PROBLEM:
Return each line of the data below verbatim; pictures are to be left out.

[Short text fragments from websites]
***
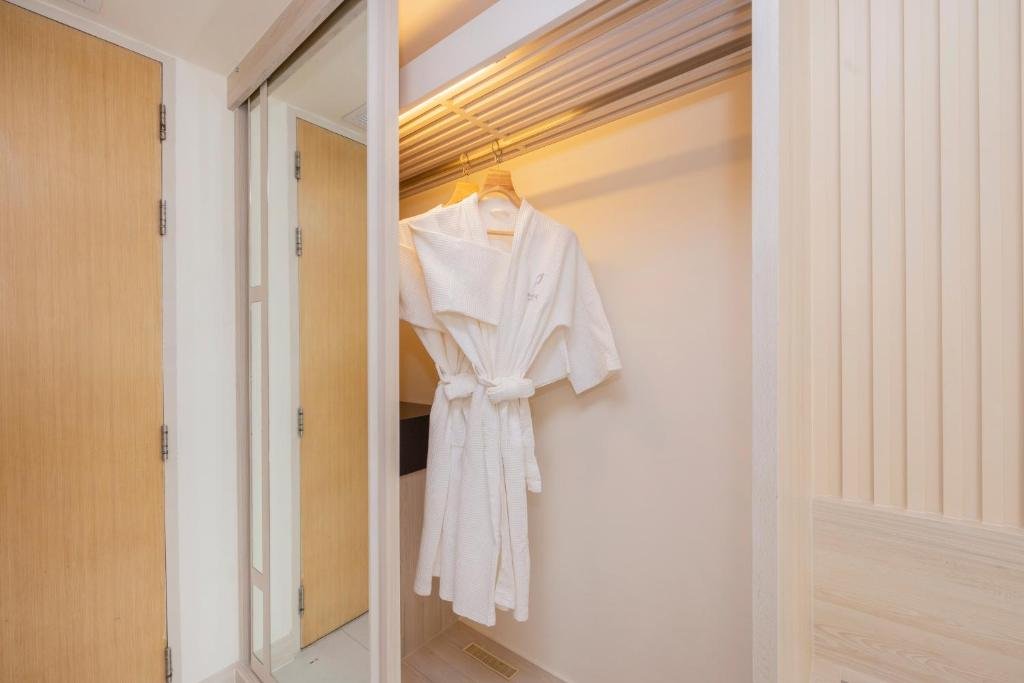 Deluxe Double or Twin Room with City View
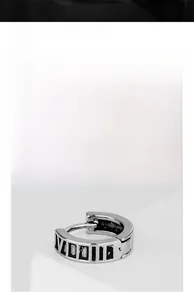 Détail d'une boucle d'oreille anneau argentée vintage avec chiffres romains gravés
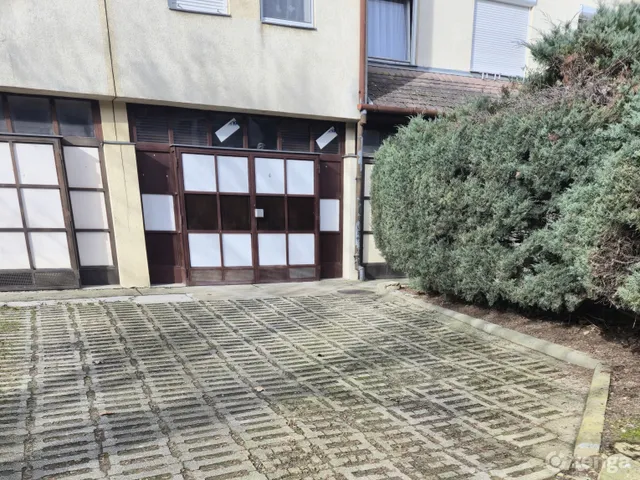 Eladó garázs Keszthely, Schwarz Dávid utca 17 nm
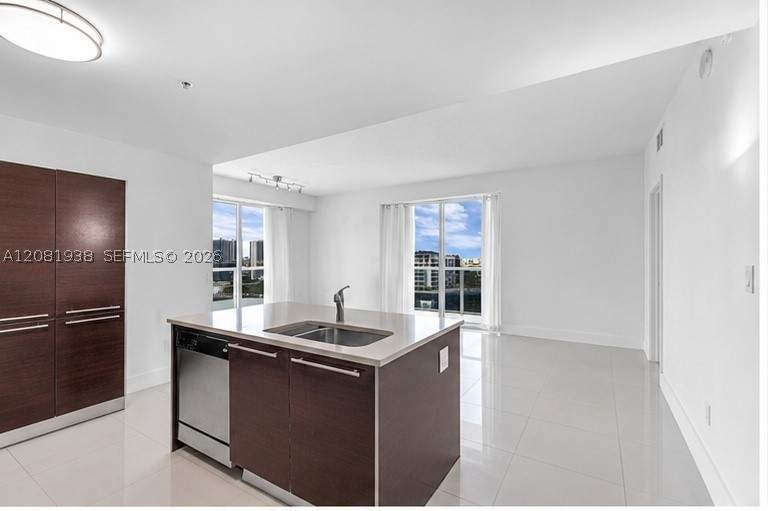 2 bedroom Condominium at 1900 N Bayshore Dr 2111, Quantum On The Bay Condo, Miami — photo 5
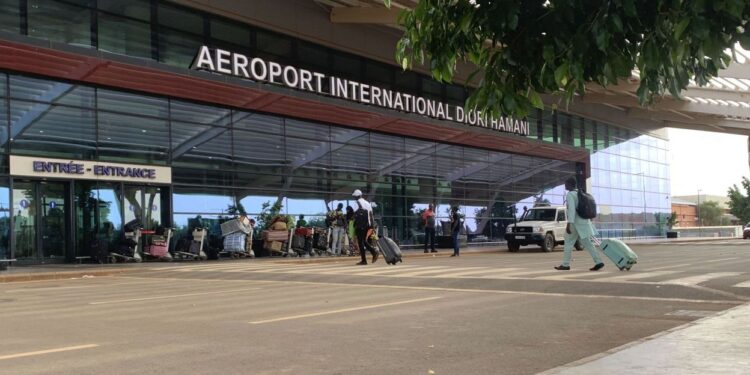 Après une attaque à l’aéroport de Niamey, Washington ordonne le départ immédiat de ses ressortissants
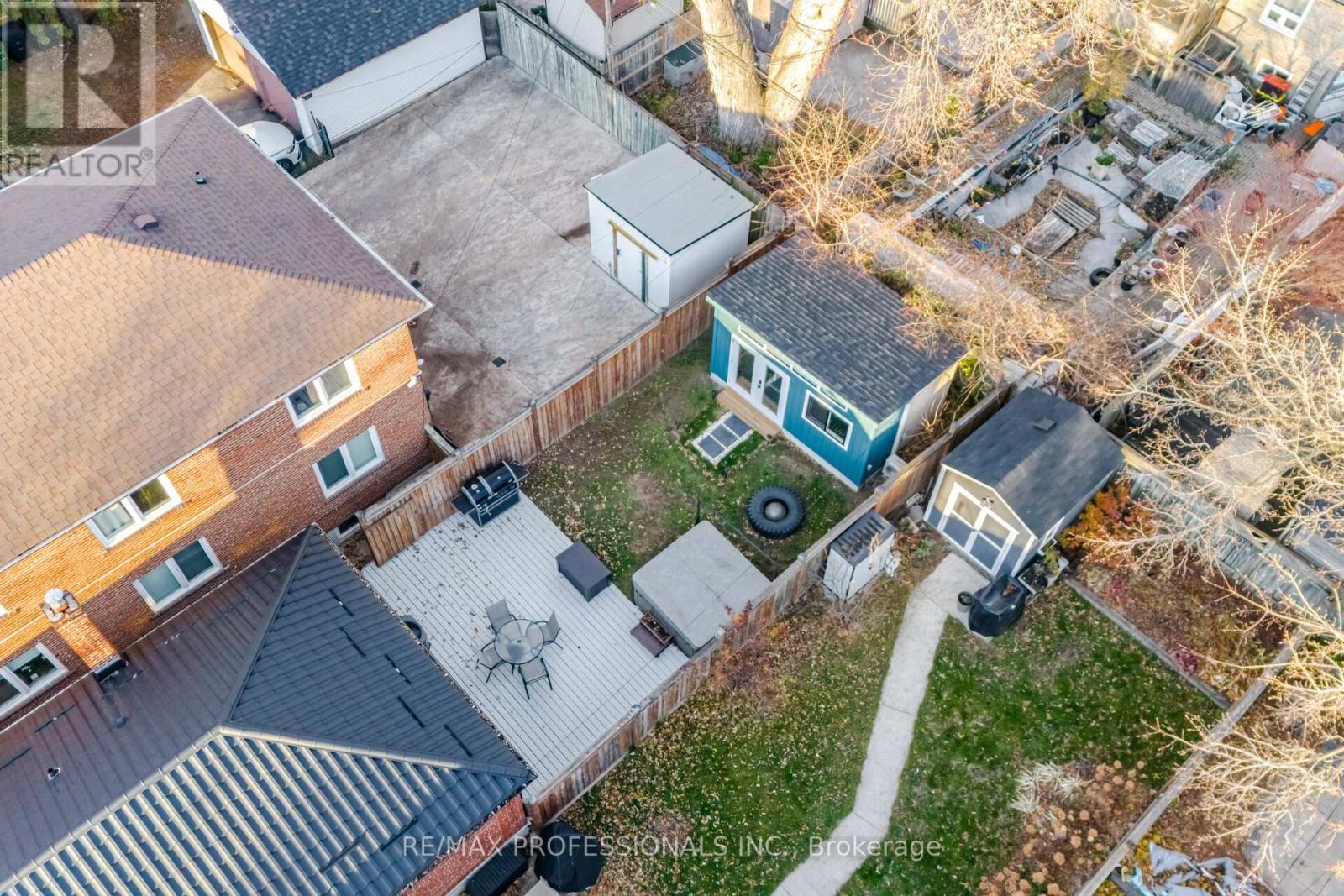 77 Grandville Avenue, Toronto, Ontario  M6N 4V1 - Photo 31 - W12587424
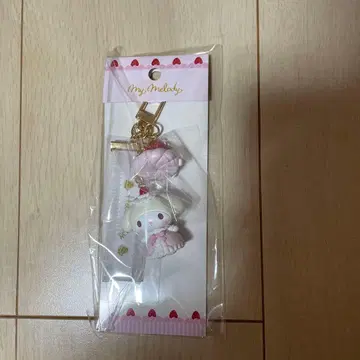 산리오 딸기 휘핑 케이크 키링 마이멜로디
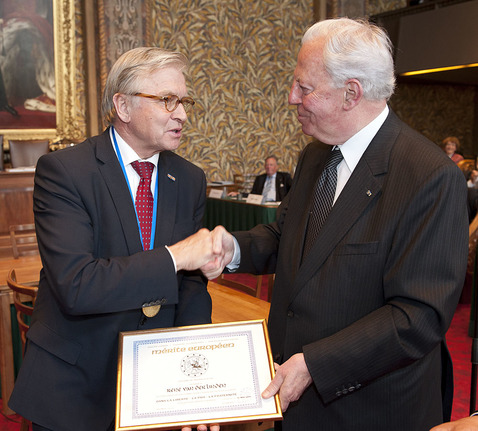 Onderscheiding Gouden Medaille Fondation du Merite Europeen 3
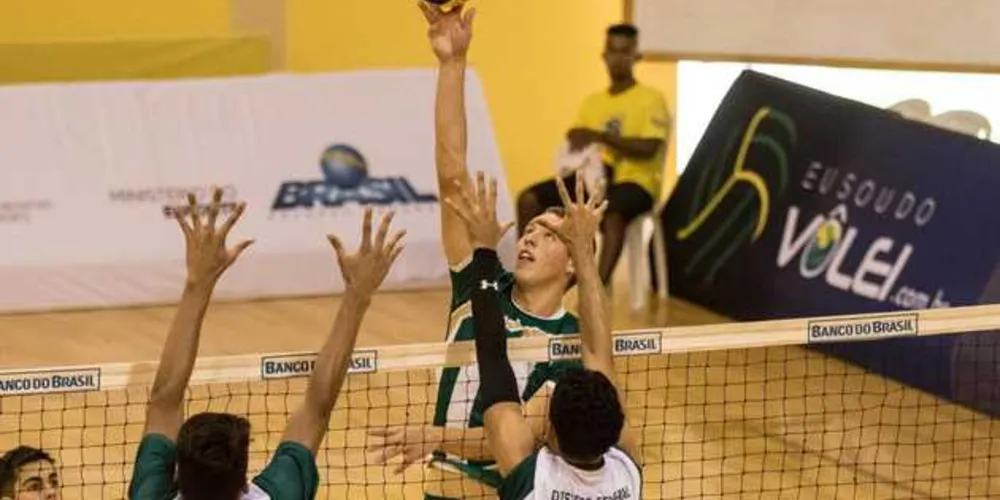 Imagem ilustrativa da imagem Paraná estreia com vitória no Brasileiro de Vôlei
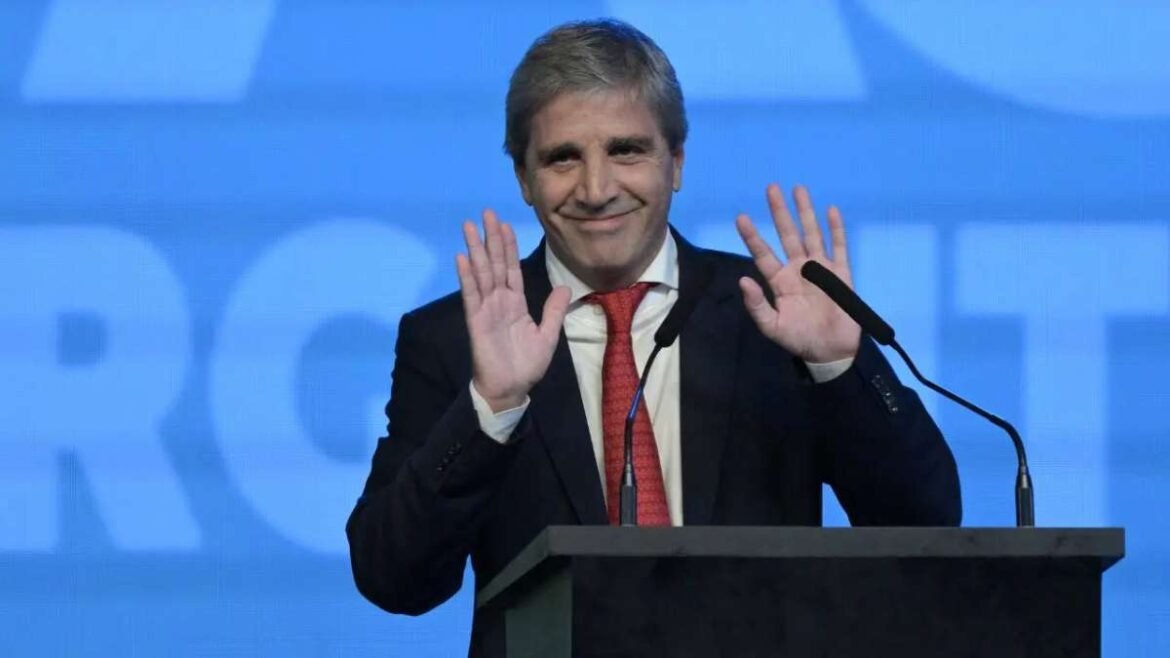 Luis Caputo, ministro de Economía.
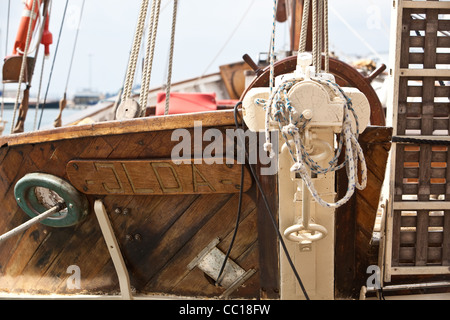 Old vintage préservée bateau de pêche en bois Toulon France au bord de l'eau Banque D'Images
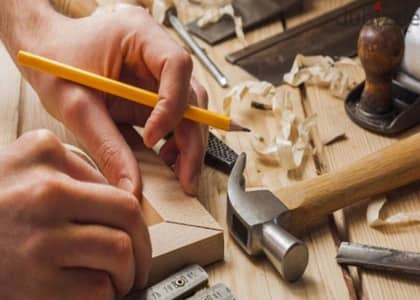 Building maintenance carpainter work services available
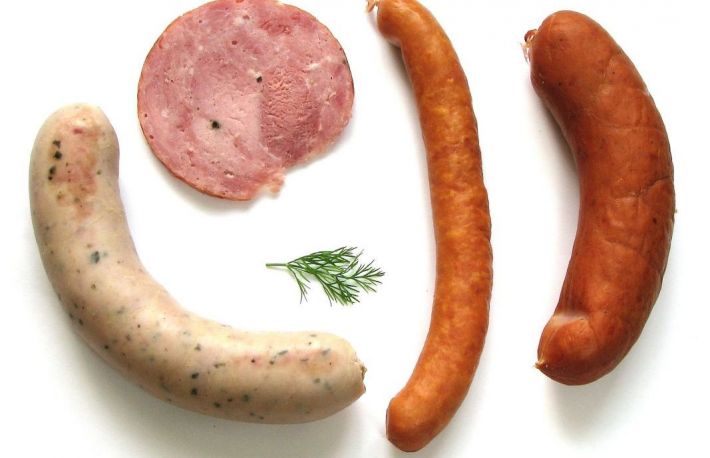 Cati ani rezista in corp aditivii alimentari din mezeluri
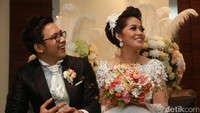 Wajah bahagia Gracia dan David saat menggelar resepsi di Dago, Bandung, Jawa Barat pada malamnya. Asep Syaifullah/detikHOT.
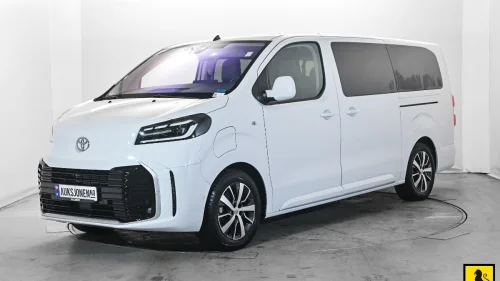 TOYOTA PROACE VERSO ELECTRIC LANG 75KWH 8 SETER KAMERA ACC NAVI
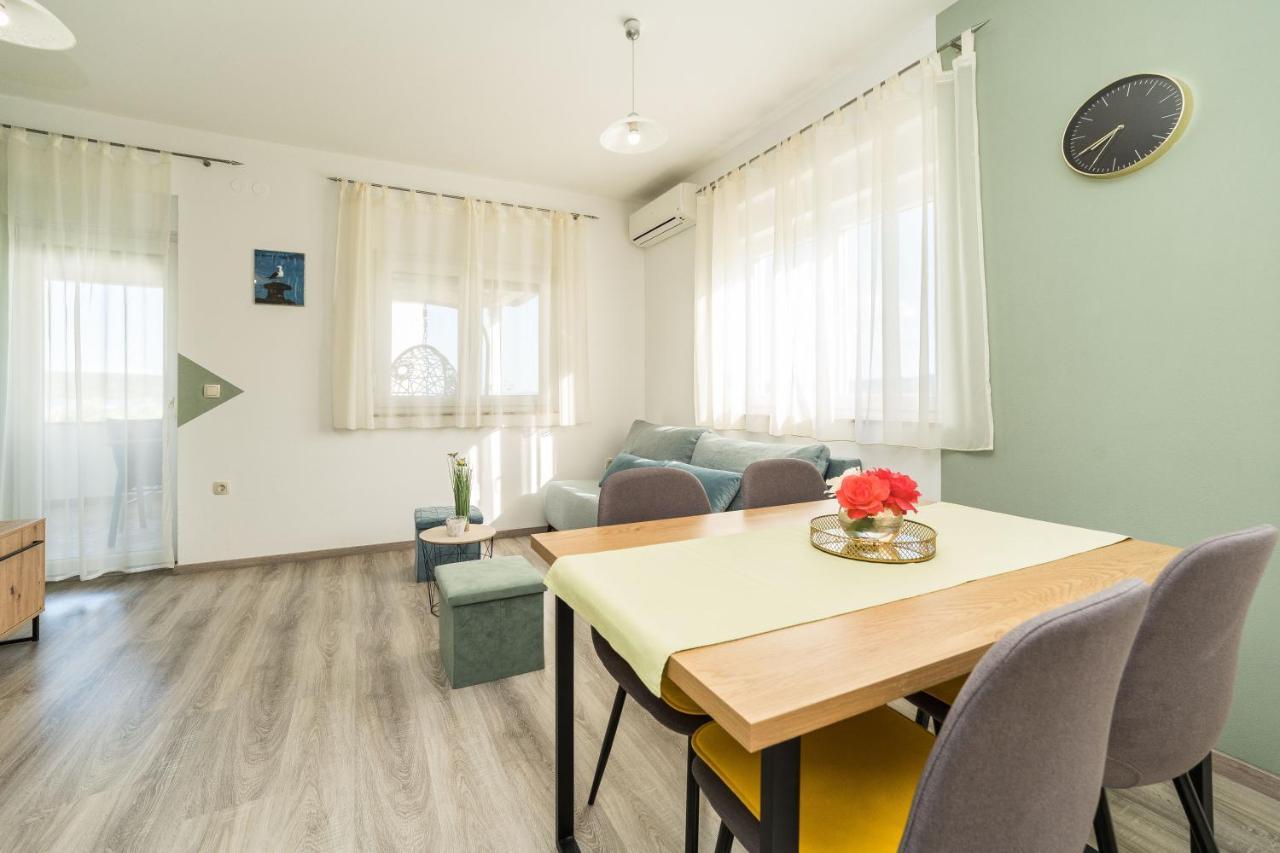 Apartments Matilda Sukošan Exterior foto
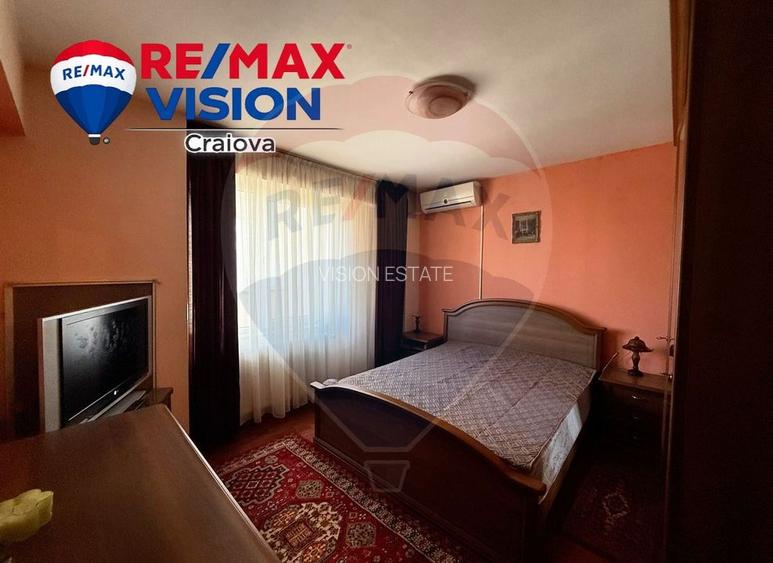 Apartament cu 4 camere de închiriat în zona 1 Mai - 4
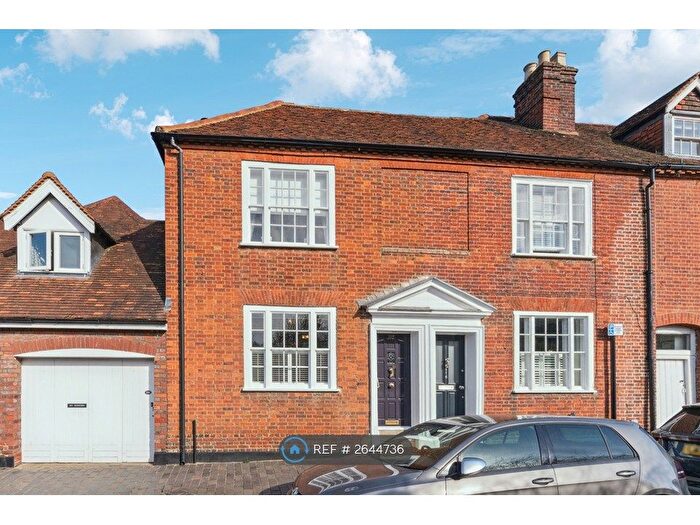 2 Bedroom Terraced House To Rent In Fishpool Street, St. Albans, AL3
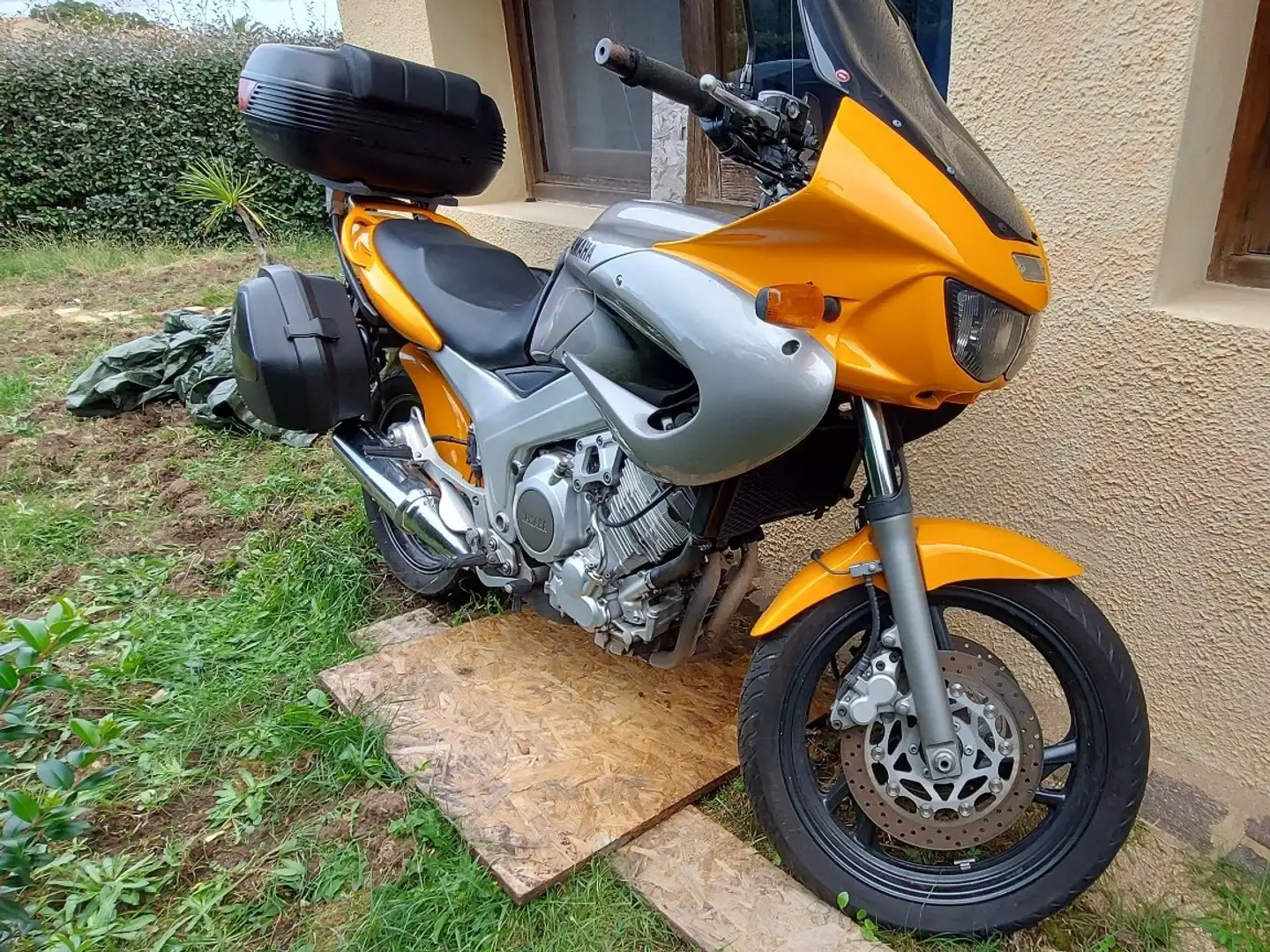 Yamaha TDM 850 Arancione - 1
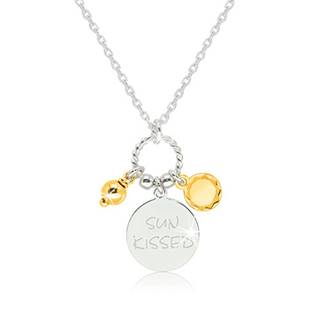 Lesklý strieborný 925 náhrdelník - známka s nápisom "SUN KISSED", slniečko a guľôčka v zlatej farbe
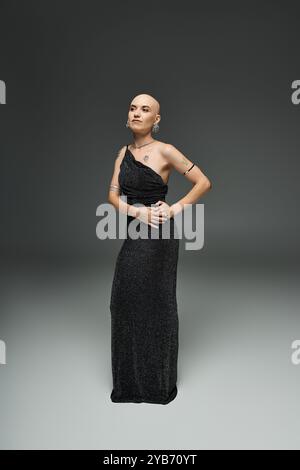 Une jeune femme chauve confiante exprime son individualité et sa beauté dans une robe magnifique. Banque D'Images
***
RESULT:
 Deluxe Double or Twin Room with City View
 Détail d'une boucle d'oreille anneau argentée vintage avec chiffres romains gravés
 Eladó garázs Keszthely, Schwarz Dávid utca 17 nm
 2 bedroom Condominium at 1900 N Bayshore Dr 2111, Quantum On The Bay Condo, Miami — photo 5
 Après une attaque à l’aéroport de Niamey, Washington ordonne le départ immédiat de ses ressortissants
 77 Grandville Avenue, Toronto, Ontario  M6N 4V1 - Photo 31 - W12587424
 산리오 딸기 휘핑 케이크 키링 마이멜로디
 Onderscheiding Gouden Medaille Fondation du Merite Europeen 3
 Imagem ilustrativa da imagem Paraná estreia com vitória no Brasileiro de Vôlei
 Luis Caputo, ministro de Economía.
 Old vintage préservée bateau de pêche en bois Toulon France au bord de l'eau Banque D'Images
 Building maintenance carpainter work services available
 Cati ani rezista in corp aditivii alimentari din mezeluri
 Wajah bahagia Gracia dan David saat menggelar resepsi di Dago, Bandung, Jawa Barat pada malamnya. Asep Syaifullah/detikHOT.
 TOYOTA PROACE VERSO ELECTRIC LANG 75KWH 8 SETER KAMERA ACC NAVI
 Apartments Matilda Sukošan Exterior foto
 Apartament cu 4 camere de închiriat în zona 1 Mai - 4
 2 Bedroom Terraced House To Rent In Fishpool Street, St. Albans, AL3
 Yamaha TDM 850 Arancione - 1
 Lesklý strieborný 925 náhrdelník - známka s nápisom "SUN KISSED", slniečko a guľôčka v zlatej farbe
 Une jeune femme chauve confiante exprime son individualité et sa beauté dans une robe magnifique. Banque D'Images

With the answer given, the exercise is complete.